THE TASK — When you reproduce the entries below, keep each one exact and drop any pictures.
******
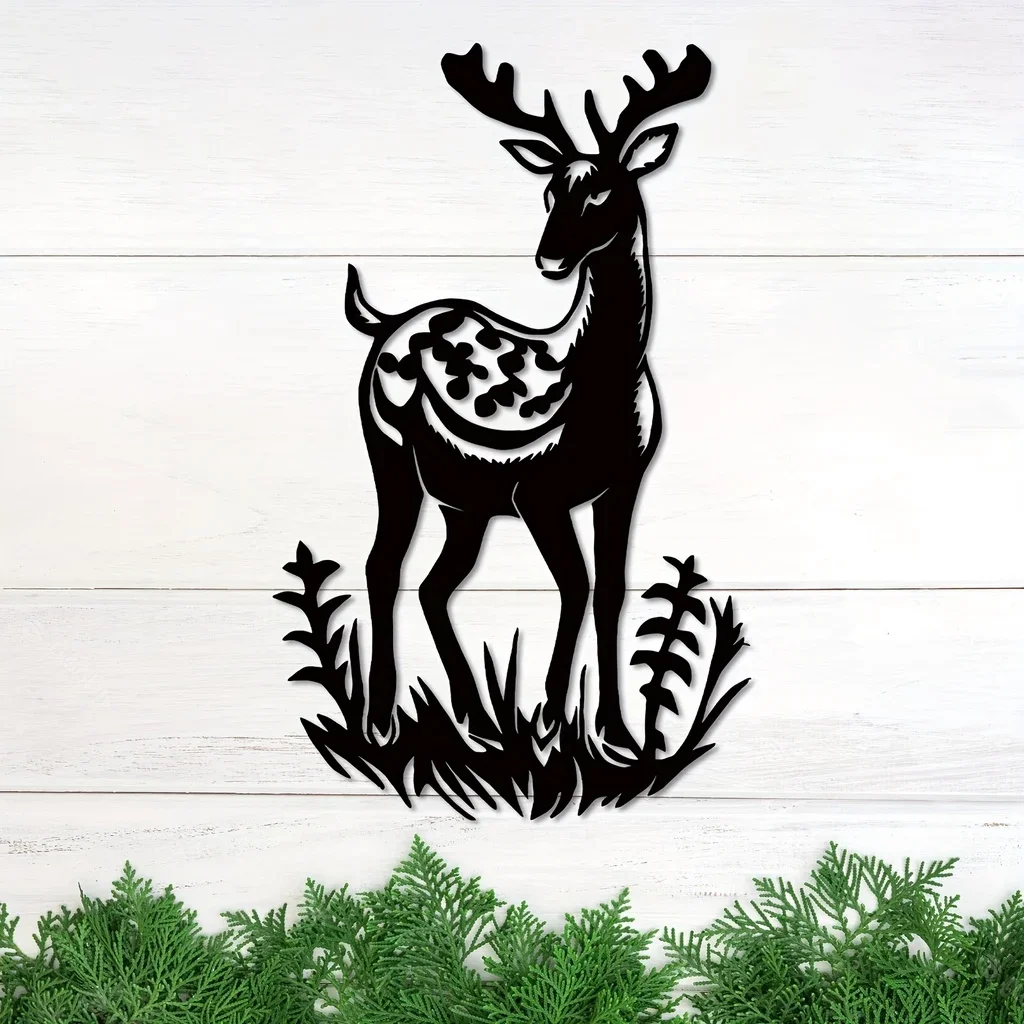 

Christmas Deer Winter Wall Art Sign - Deer Sign -For Plaque Wall Decor Gift for Bathroom Restaurant Farm Bedroom Cafe School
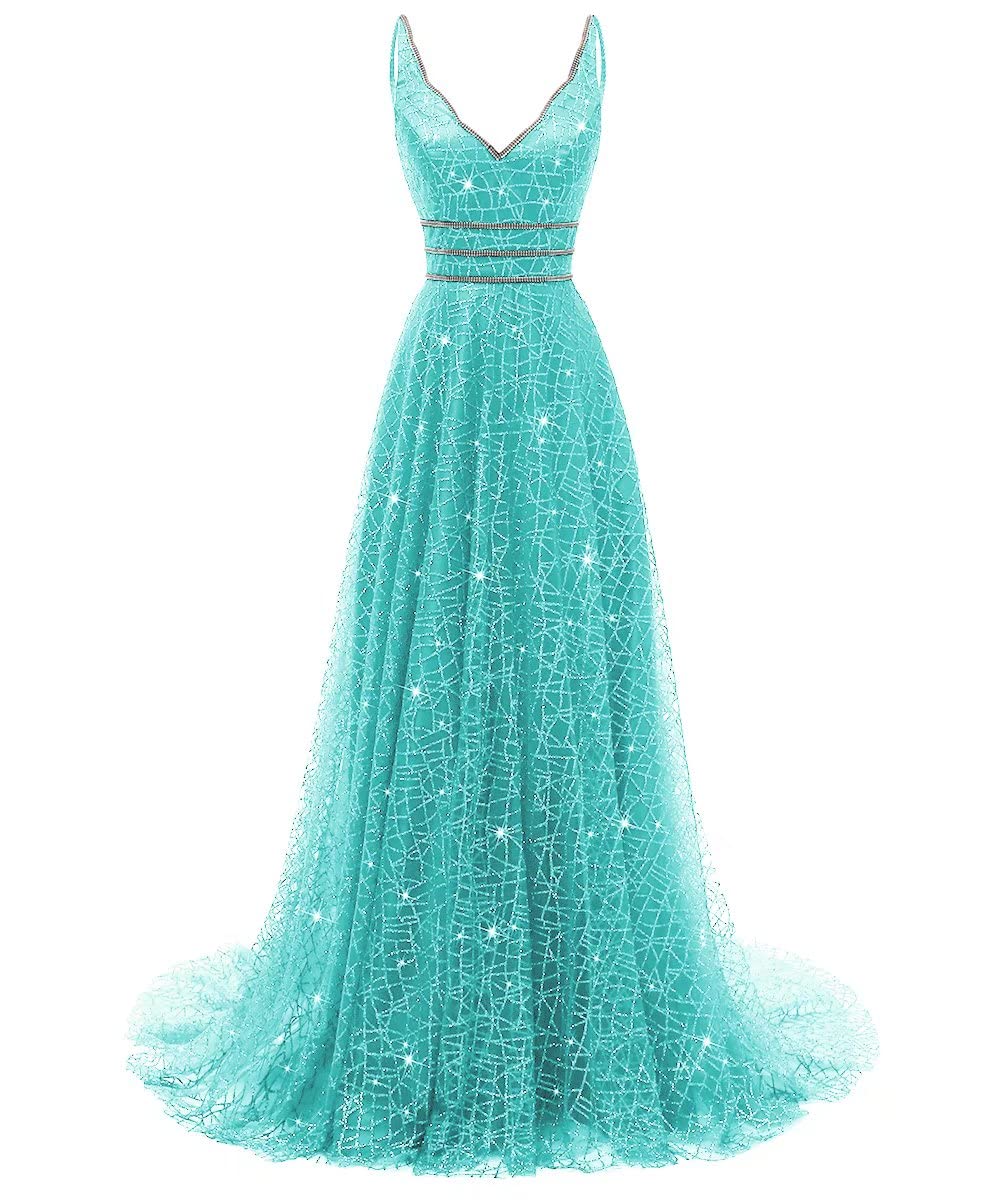 AiniDress Women's Elegant V-Neck Tulle Prom Dress with Crystal Embellishments - Perfect for Evening Formal Events, Ball Gowns, and Special Occasions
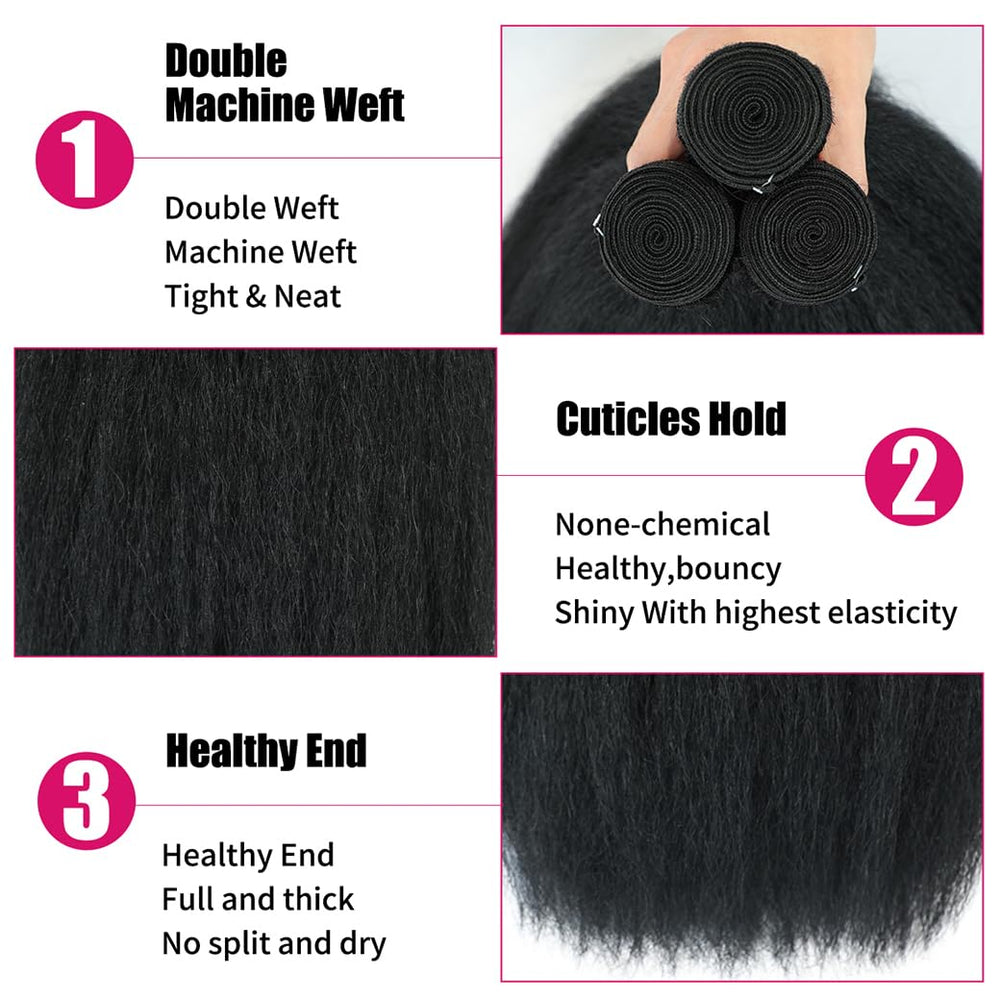 BSBU Kinky Straight Bundles three bundles display full, thick volume.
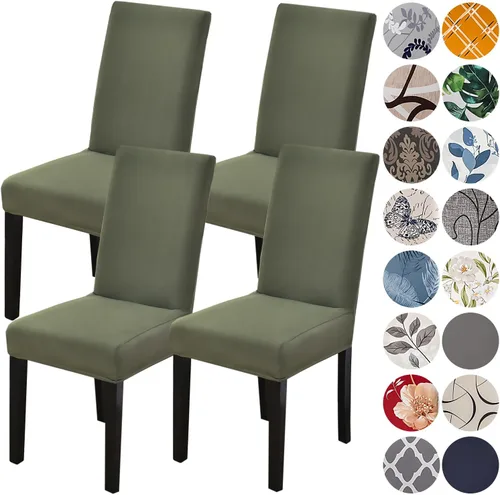 Miniatura 12 de HZDHCLH Juego de 6 fundas grises para sillas Parsons de elastano para comedor, fundas elásticas de elastano para sillas Parsons, fundas de asiento
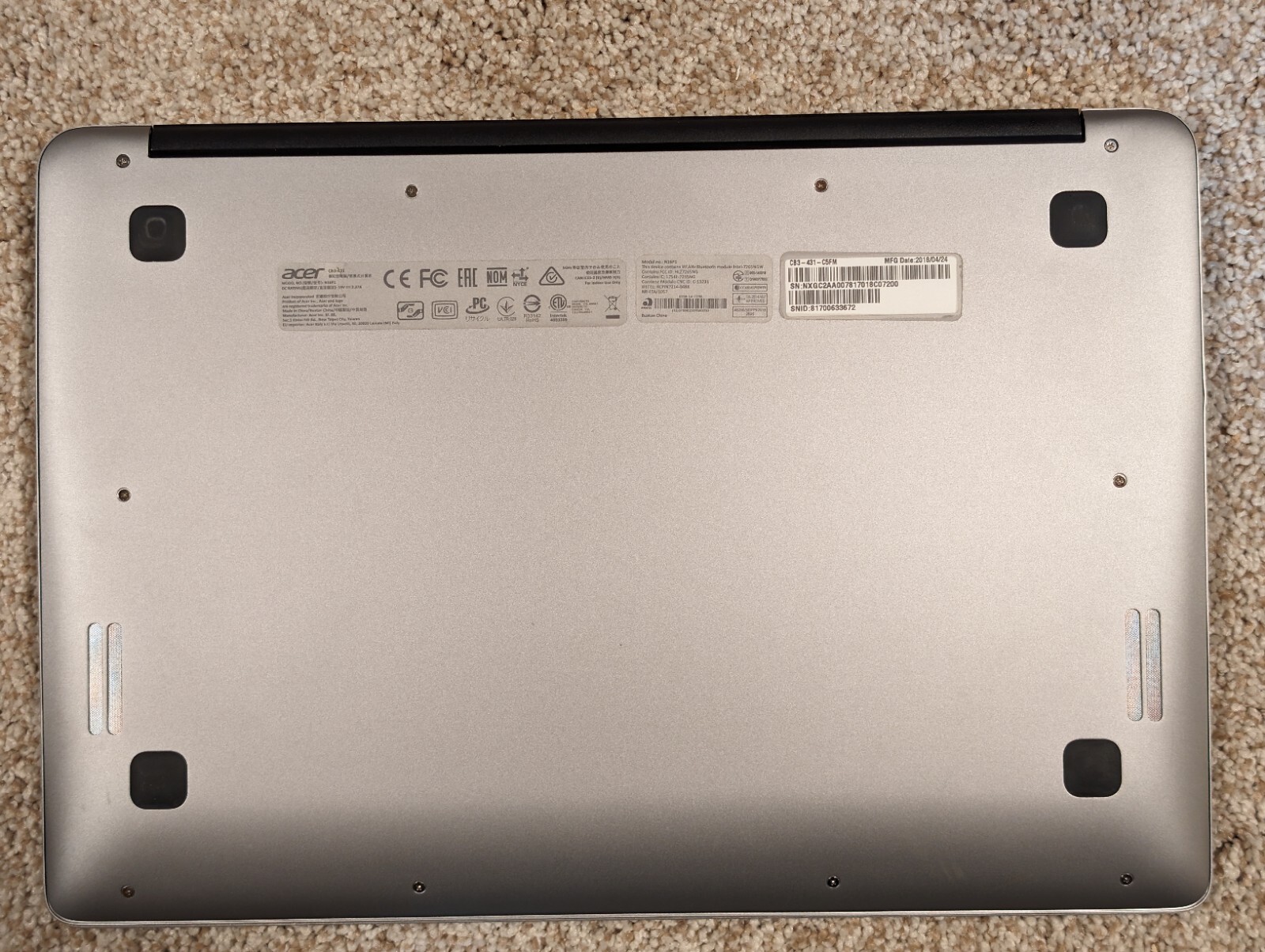Acer CB3-431-12K1 14" Chromebook - Silver, No More Software Updates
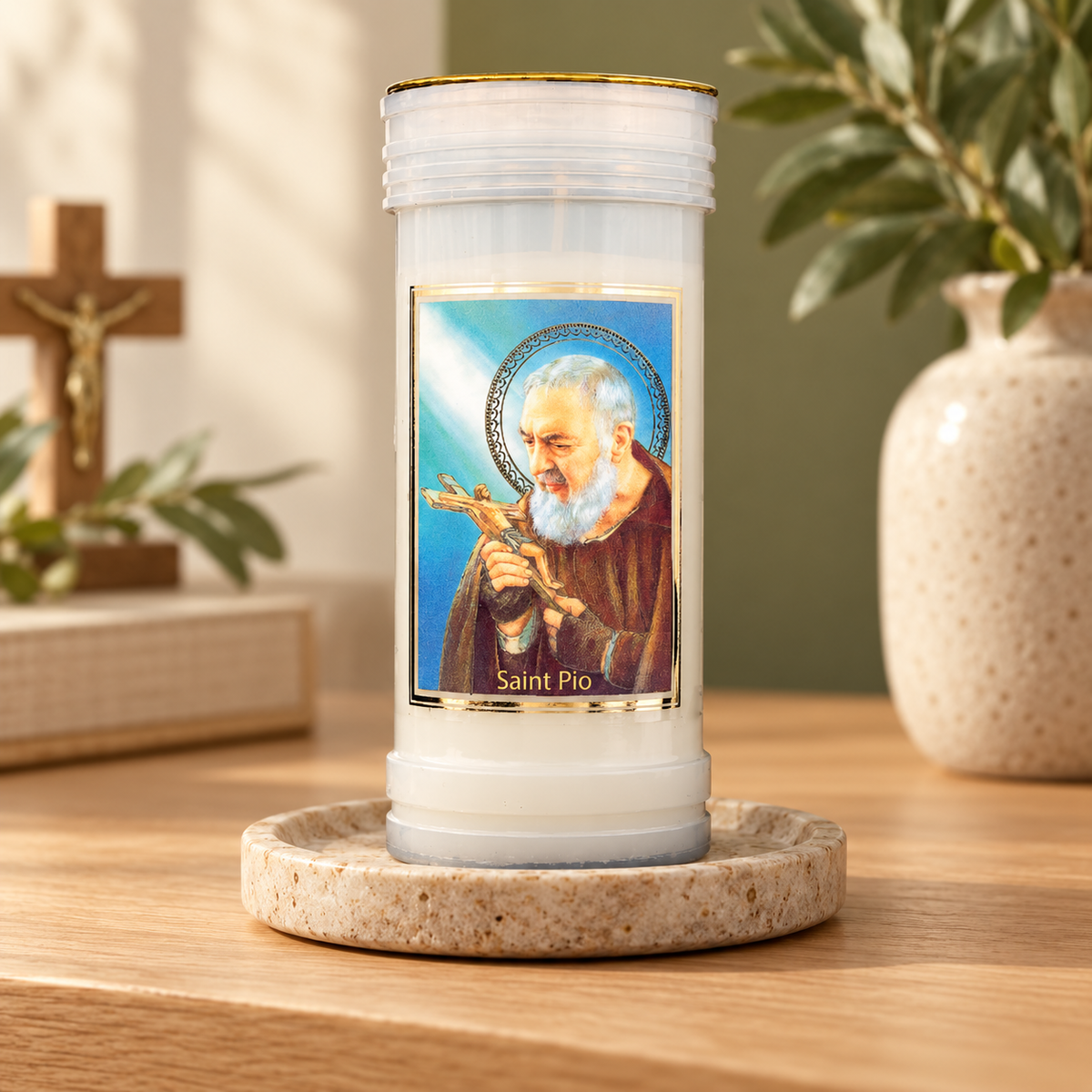 Saint Pio Prayer Pillar Candle – 14cm — styled lifestyle photograph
******
TASK ANSWER —
Christmas Deer Winter Wall Art Sign - Deer Sign -For Plaque Wall Decor Gift for Bathroom Restaurant Farm Bedroom Cafe School
 AiniDress Women's Elegant V-Neck Tulle Prom Dress with Crystal Embellishments - Perfect for Evening Formal Events, Ball Gowns, and Special Occasions
 BSBU Kinky Straight Bundles three bundles display full, thick volume.
 Miniatura 12 de HZDHCLH Juego de 6 fundas grises para sillas Parsons de elastano para comedor, fundas elásticas de elastano para sillas Parsons, fundas de asiento
Acer CB3-431-12K1 14" Chromebook - Silver, No More Software Updates
 Saint Pio Prayer Pillar Candle – 14cm — styled lifestyle photograph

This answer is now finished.